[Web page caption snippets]
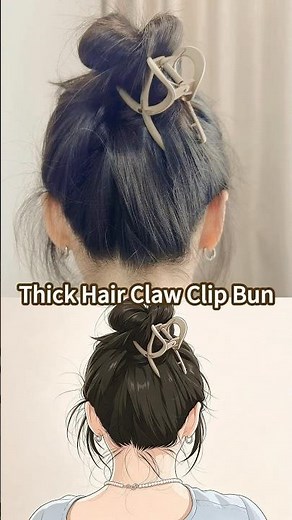 How to K.O. Thick Hair! 10s Claw Clip Bun That Actually STAYS 🦈✨#thickhair #hairstyle #messybun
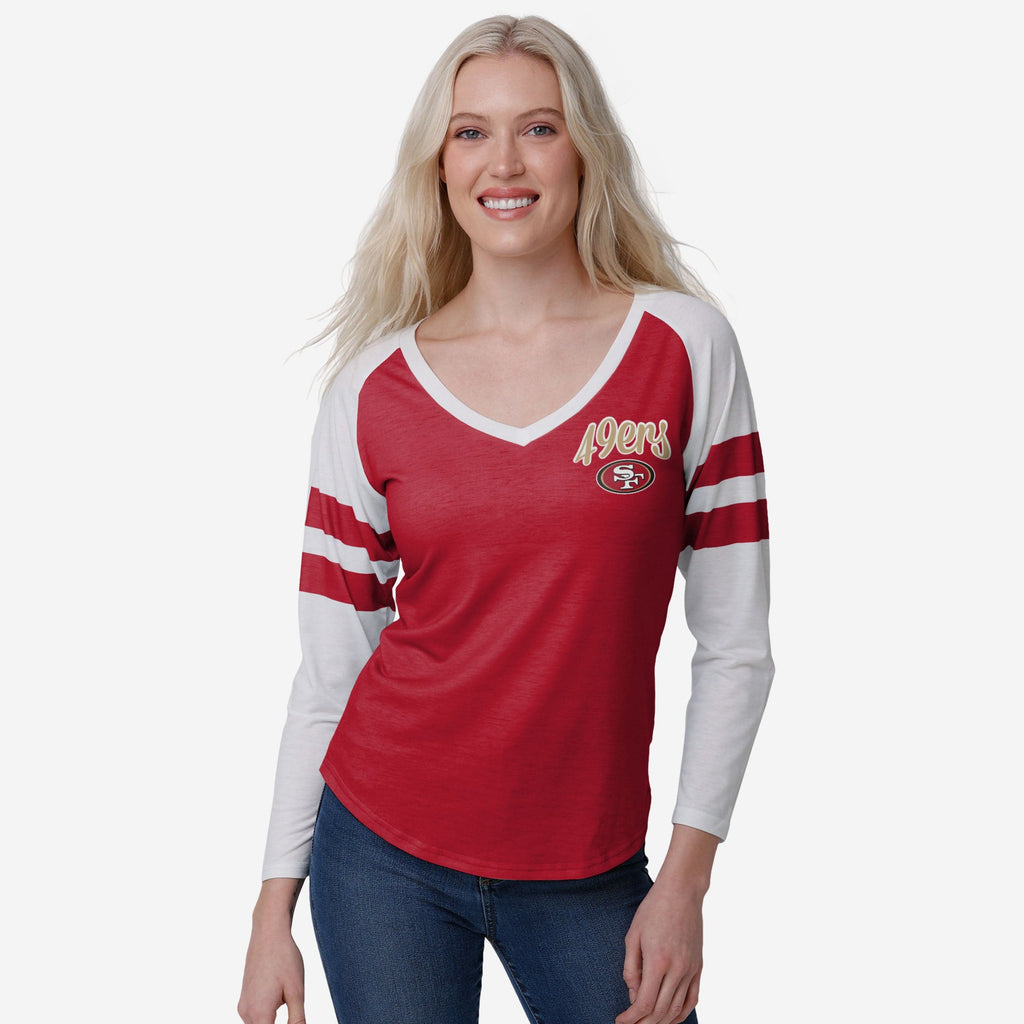 San Francisco 49ers Womens Script Wordmark Striped Sleeve Raglan T-Shirt FOCO S - FOCO.com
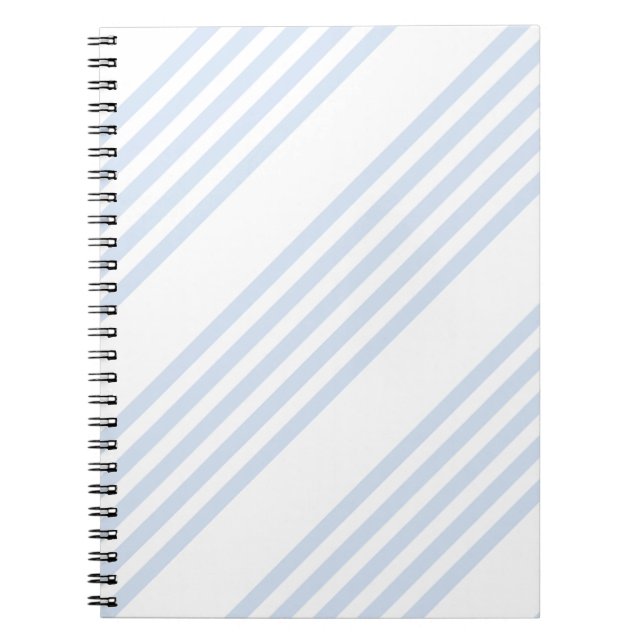 Carnet Bleu pâle et blanc cinq bandes motif (Devant)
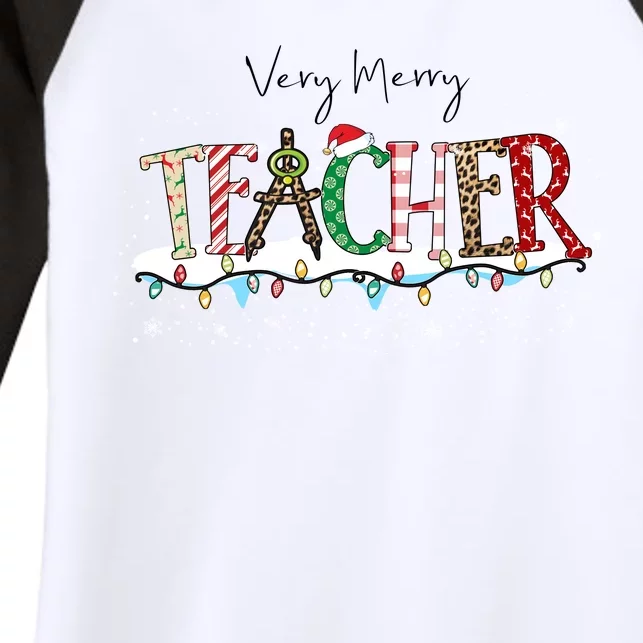 Very Merry Teacher Holiday Christmas Women's Tri-Blend 3/4-Sleeve Raglan Shirt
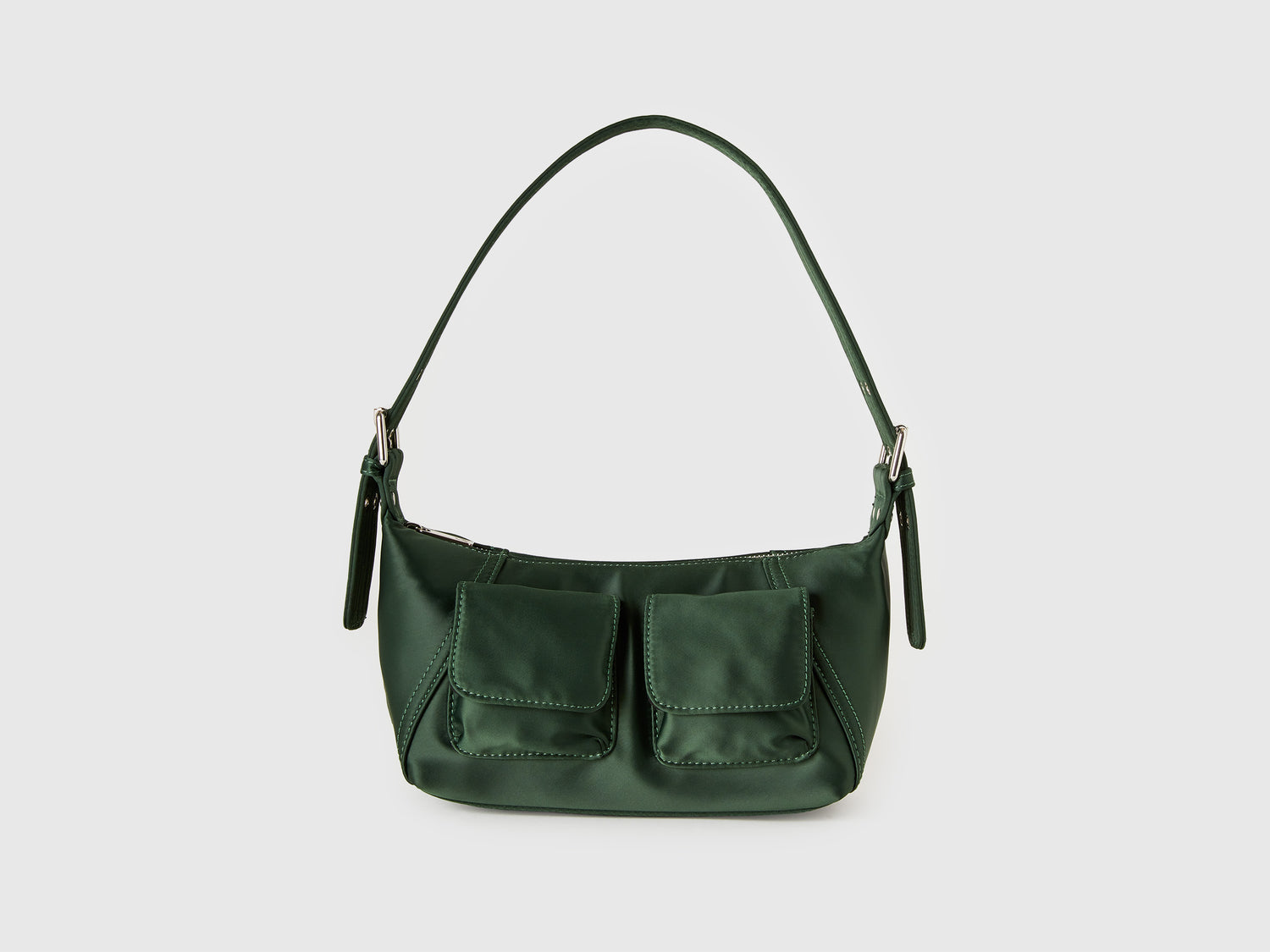 Borsa a spalla con tasche da donna verde militare | Benetton Outlet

■ Goal of the exercise
Leave out the pictures and output every record above precisely as given.

■ Result of the task
 How to K.O. Thick Hair! 10s Claw Clip Bun That Actually STAYS 🦈✨#thickhair #hairstyle #messybun
 San Francisco 49ers Womens Script Wordmark Striped Sleeve Raglan T-Shirt FOCO S - FOCO.com
 Carnet Bleu pâle et blanc cinq bandes motif (Devant)
 Very Merry Teacher Holiday Christmas Women's Tri-Blend 3/4-Sleeve Raglan Shirt
 Borsa a spalla con tasche da donna verde militare | Benetton Outlet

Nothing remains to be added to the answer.